==== DATA SECTION
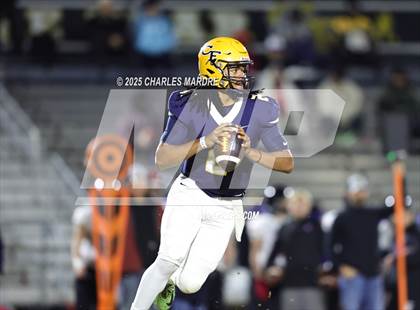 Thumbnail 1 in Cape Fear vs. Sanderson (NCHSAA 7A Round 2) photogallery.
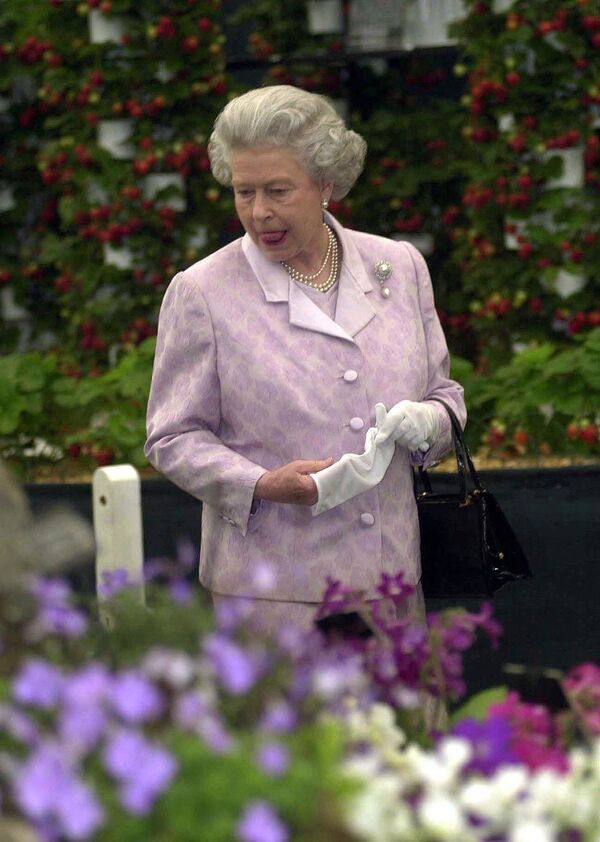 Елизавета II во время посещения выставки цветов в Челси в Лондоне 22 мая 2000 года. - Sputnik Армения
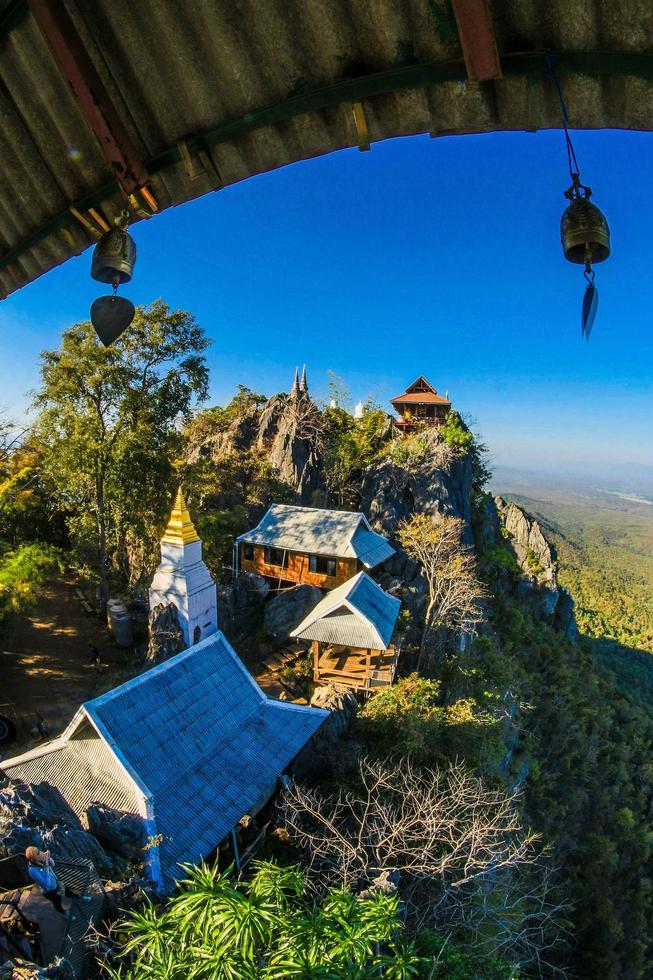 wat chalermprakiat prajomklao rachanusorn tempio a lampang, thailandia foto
========
DESCRIPTION OF THE TASK: Would you output the full listing exactly as it stands, minus the images?

SOLUTION FOR THIS EXERCISE:
 Thumbnail 1 in Cape Fear vs. Sanderson (NCHSAA 7A Round 2) photogallery.
 Елизавета II во время посещения выставки цветов в Челси в Лондоне 22 мая 2000 года. - Sputnik Армения
 wat chalermprakiat prajomklao rachanusorn tempio a lampang, thailandia foto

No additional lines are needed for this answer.